▶ **Task item**
Every record below needs to be retyped exactly as it appears.

--------

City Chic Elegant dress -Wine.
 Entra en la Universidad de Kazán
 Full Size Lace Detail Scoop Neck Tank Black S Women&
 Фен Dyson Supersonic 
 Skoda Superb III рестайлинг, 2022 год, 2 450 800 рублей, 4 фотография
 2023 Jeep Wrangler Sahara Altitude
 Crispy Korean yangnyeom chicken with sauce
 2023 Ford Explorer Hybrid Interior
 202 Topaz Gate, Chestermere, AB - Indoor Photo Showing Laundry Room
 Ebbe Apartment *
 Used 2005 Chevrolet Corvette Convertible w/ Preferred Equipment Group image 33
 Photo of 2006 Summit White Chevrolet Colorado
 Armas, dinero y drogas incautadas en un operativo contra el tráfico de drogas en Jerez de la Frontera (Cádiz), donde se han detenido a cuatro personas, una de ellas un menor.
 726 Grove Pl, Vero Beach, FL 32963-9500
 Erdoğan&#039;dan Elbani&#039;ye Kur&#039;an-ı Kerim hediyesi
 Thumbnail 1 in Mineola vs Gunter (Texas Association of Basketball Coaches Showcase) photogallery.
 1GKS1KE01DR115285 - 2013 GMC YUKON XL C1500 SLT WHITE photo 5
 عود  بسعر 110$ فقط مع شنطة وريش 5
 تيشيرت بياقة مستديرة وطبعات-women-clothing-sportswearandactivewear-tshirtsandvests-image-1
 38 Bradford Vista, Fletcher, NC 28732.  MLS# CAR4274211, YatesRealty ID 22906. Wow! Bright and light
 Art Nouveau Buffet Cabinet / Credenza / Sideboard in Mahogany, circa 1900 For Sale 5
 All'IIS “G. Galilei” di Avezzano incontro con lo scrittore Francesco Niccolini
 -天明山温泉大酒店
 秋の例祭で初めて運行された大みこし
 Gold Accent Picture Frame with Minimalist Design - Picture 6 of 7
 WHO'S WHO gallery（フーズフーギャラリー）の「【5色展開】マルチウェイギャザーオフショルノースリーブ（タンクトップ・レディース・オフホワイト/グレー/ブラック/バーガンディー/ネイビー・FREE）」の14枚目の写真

--------

▶ **Written answer**
City Chic Elegant dress -Wine.
 Entra en la Universidad de Kazán
 Full Size Lace Detail Scoop Neck Tank Black S Women&
 Фен Dyson Supersonic 
 Skoda Superb III рестайлинг, 2022 год, 2 450 800 рублей, 4 фотография
 2023 Jeep Wrangler Sahara Altitude
 Crispy Korean yangnyeom chicken with sauce
 2023 Ford Explorer Hybrid Interior
 202 Topaz Gate, Chestermere, AB - Indoor Photo Showing Laundry Room
 Ebbe Apartment *
 Used 2005 Chevrolet Corvette Convertible w/ Preferred Equipment Group image 33
 Photo of 2006 Summit White Chevrolet Colorado
 Armas, dinero y drogas incautadas en un operativo contra el tráfico de drogas en Jerez de la Frontera (Cádiz), donde se han detenido a cuatro personas, una de ellas un menor.
 726 Grove Pl, Vero Beach, FL 32963-9500
 Erdoğan&#039;dan Elbani&#039;ye Kur&#039;an-ı Kerim hediyesi
 Thumbnail 1 in Mineola vs Gunter (Texas Association of Basketball Coaches Showcase) photogallery.
 1GKS1KE01DR115285 - 2013 GMC YUKON XL C1500 SLT WHITE photo 5
 عود  بسعر 110$ فقط مع شنطة وريش 5
 تيشيرت بياقة مستديرة وطبعات-women-clothing-sportswearandactivewear-tshirtsandvests-image-1
 38 Bradford Vista, Fletcher, NC 28732.  MLS# CAR4274211, YatesRealty ID 22906. Wow! Bright and light
 Art Nouveau Buffet Cabinet / Credenza / Sideboard in Mahogany, circa 1900 For Sale 5
 All'IIS “G. Galilei” di Avezzano incontro con lo scrittore Francesco Niccolini
 -天明山温泉大酒店
 秋の例祭で初めて運行された大みこし
 Gold Accent Picture Frame with Minimalist Design - Picture 6 of 7
 WHO'S WHO gallery（フーズフーギャラリー）の「【5色展開】マルチウェイギャザーオフショルノースリーブ（タンクトップ・レディース・オフホワイト/グレー/ブラック/バーガンディー/ネイビー・FREE）」の14枚目の写真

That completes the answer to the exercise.